Given that the name on the notice is not me, if I were to do nothing in this.scenario, what would the likely outcome be?

A) i go to court and its struck off on a technicality.
B) life in prison
C) the gardai woukd eventually figure out their mistake get my name right and re issue it.
D) i go to court and judge calls out my nonsense re name being wrong amd fines the crap out of me.
E) some other crazy outcome that I cant even imagine


----------



## JohnJay (25 Aug 2018)

my guess: d)


----------



## jim (25 Aug 2018)

Hoping to hear from someone with experience in relation to this kind of thing. This is a faux paux on the part of the gardai that I think renders the notice null and void. Am i wrong?


----------



## Cervelo (25 Aug 2018)

Well why don't you just ignore the fine go to court and report back to us with your new found enlightenment


----------



## jim (25 Aug 2018)

Just looking for answer to the question above Cervelo, thats all


----------



## noproblem (25 Aug 2018)

Jim,
A friend was pulled for drink driving, got served with the summons with the surname Sam on it instead of Simon, went to court and the charge was struck out. Very slightly over the limit, but over it all the same. Don't want to give much more detail for obvious reasons


----------



## Romulan (25 Aug 2018)

noproblem said:


> Jim,
> A friend was pulled for drink driving, got served with the summons with the surname Sam on it instead of Simon, went to court and the charge was struck out. Very slightly over the limit, but over it all the same. Don't want to give much more detail for obvious reasons



Similar experience some time ago, correct day and time but wrong offence and location on the notice.
Went to court on the day, found the guard and told him I would be pleading not guilty.
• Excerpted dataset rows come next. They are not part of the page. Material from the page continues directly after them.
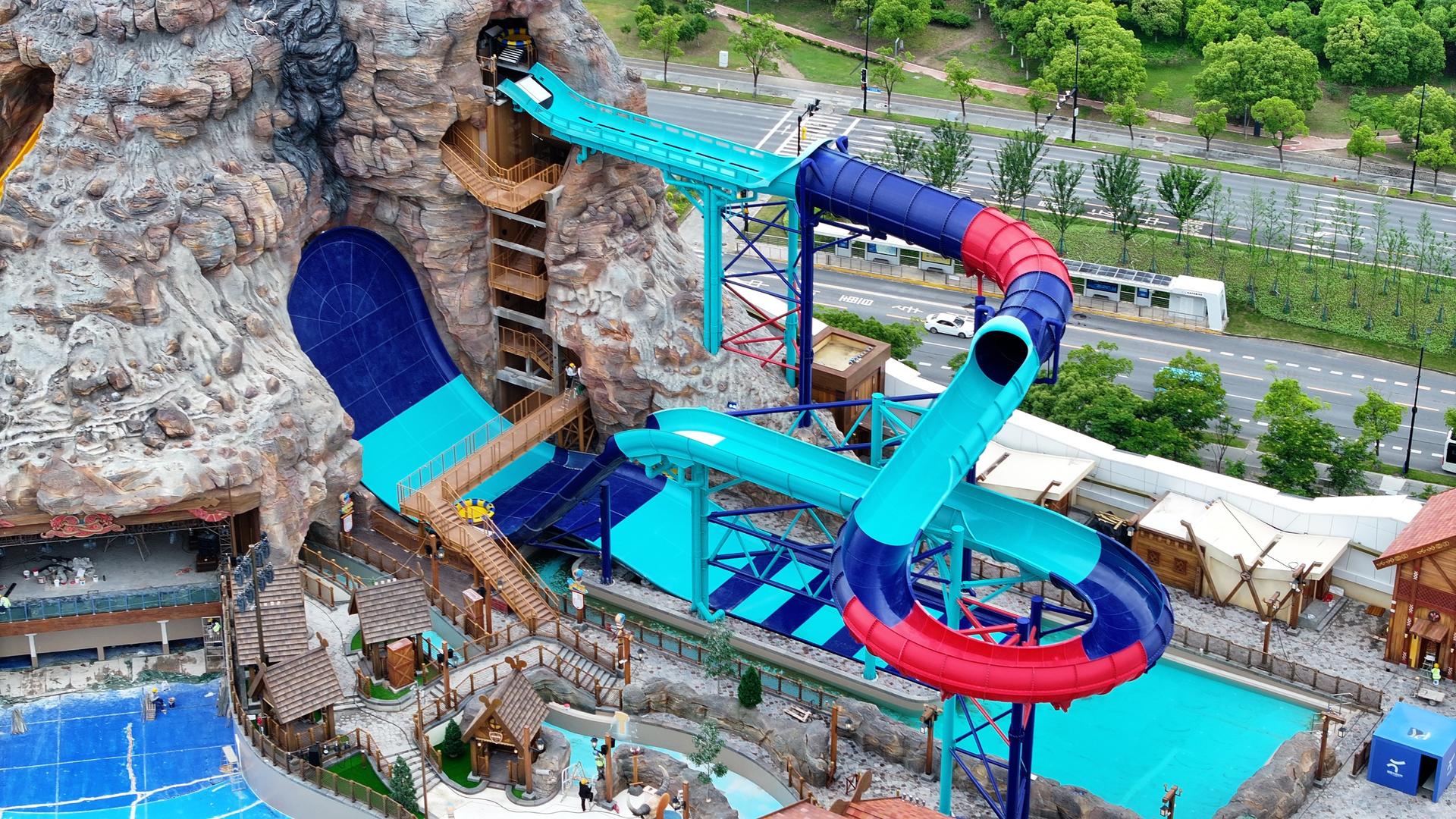 Shanghai Yaoxue Snow World Ticket - Thumbnail 8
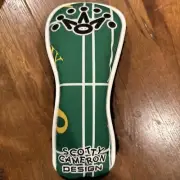 Scotty Cameron Gambler Headcover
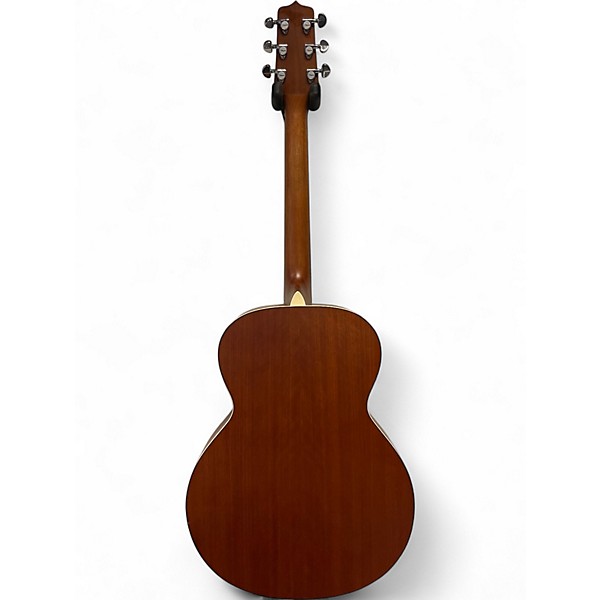 Used Takamine GS430S Natural Acoustic Guitar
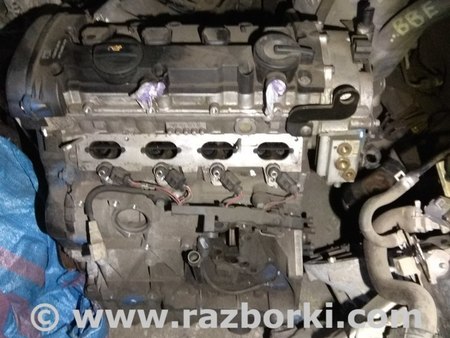 Двигатель бензин 2.0 для Seat Ibiza Ковель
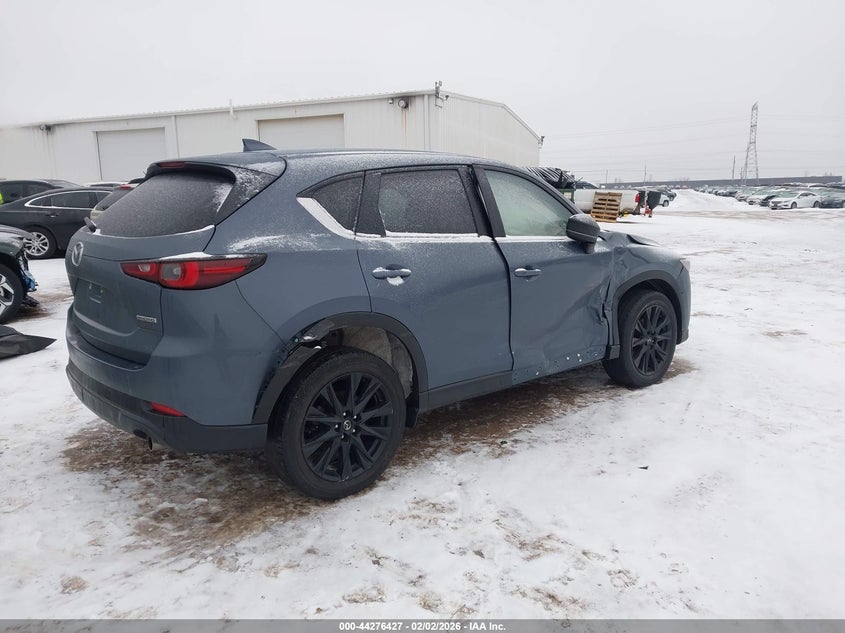 2023 Mazda Cx-5 2.5 S Carbon Edition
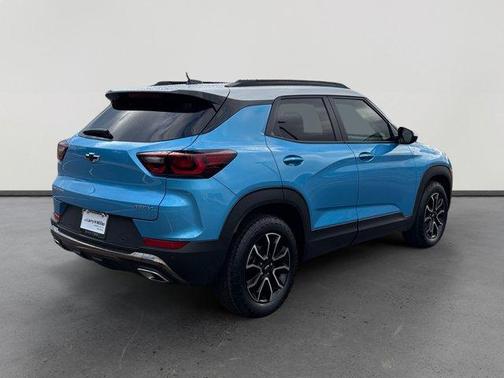 2025 Chevrolet Trailblazer ACTIV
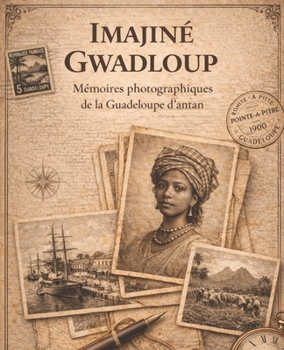 Imajiné Gwadloup (French Edition)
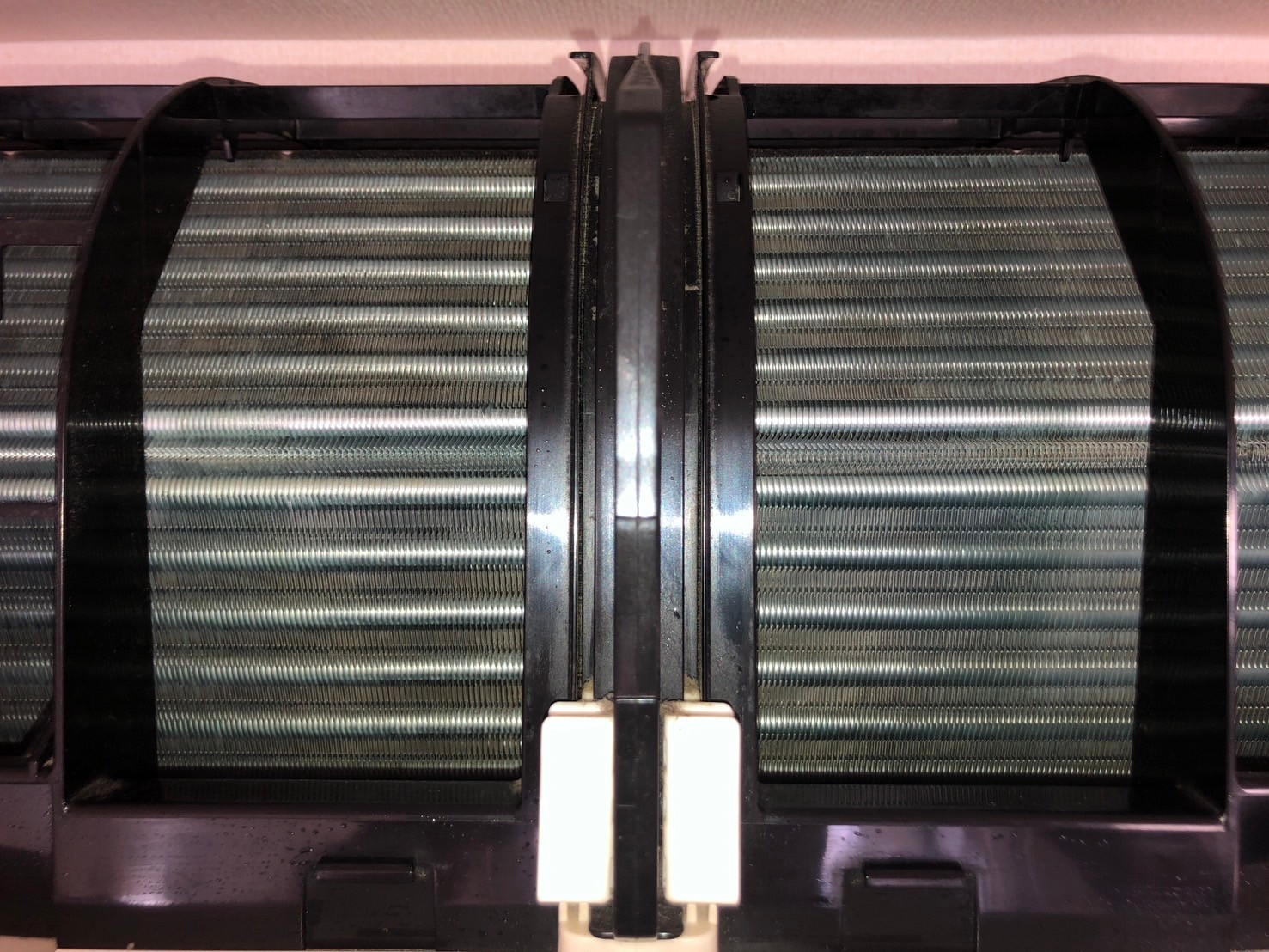 お掃除機能付きエアコン(DAIKIN:AN71VAP)＋レンジフードクリーニング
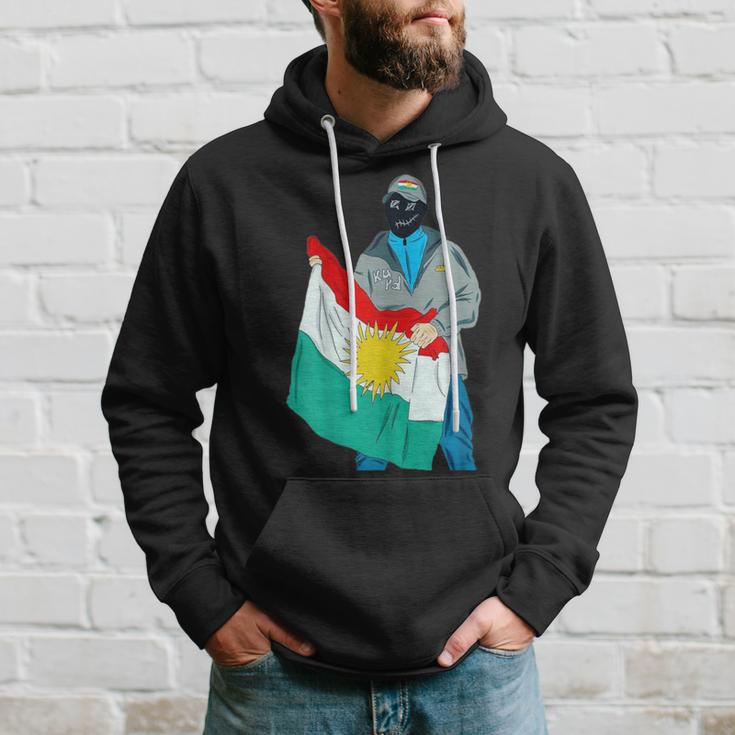 Kurdistayili Hoodie Geschenke für Ihn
He struck out the charge on the spot.


----------



## SparkRite (25 Aug 2018)

At the end of the day it will come down to the presiding judge. It will depend on whether he/she wishes to
amend the charge sheet/summons, which they are empowered to do. If the judge is in bad form or indeed
the "wrong" name is just a small mispelling/typo then it may not go in your favour.
However if the judge is sick and tired of the Gardai not doing their job correctly then it may well be struck out.
The above scenario from @Romulan is a way more serious compilation of errors than a simple erroneous name.

What it boils down to is, if you are a gambler, and wish to take your chances in court, personally I wouldn't as I
feel that if it goes against you, you will end up with increased fine and points which may culminate in you paying
a lot more than €120 over the next three years.

Just my two pennys worth........


----------



## Palerider (25 Aug 2018)

I have been to Court as an observer, what I experienced in cases like this where there was some anomaly or other was the Judge asking if it was your car and you driving when offence committed, in other words do you accept it was you that committed the offence answer was yes in most cases, Judge then gave benefit of probation act, if answered no the case was put back for a full hearing.


----------



## SparkRite (25 Aug 2018)

@Palerider , yep, its all down to the judge and what humour they are in on the day.
Strange one though giving the benefit of the probation act. I never came across that in regards to a motoring offence,
didn't know there was room for discretion or movement as there are set down fines/points.

While many summary offences dealt with in District courts benefit from the POA it does mean that the judge believes 
the alleged offences to be proven and therefore the accused to be guilty of same.

@noproblem Your friend was very lucky to have such a serious offence to be struck out on that basis. However the court would not
know the intoxiliser reading until after conviction and before sentencing. So whether he/she was just over the limit or was as "pissed as a judge" (as the saying goes, pun intended) had no bearing on the end result.


----------



## noproblem (25 Aug 2018)

@noproblem Your friend was very lucky to have such a serious offence to be struck out on that basis. However the court would not
know the intoxiliser reading until after conviction and before sentencing. So whether he/she was just over the limit or was as "pissed as a judge" (as the saying goes, pun intended) had no bearing on the end result.[/QUOTE]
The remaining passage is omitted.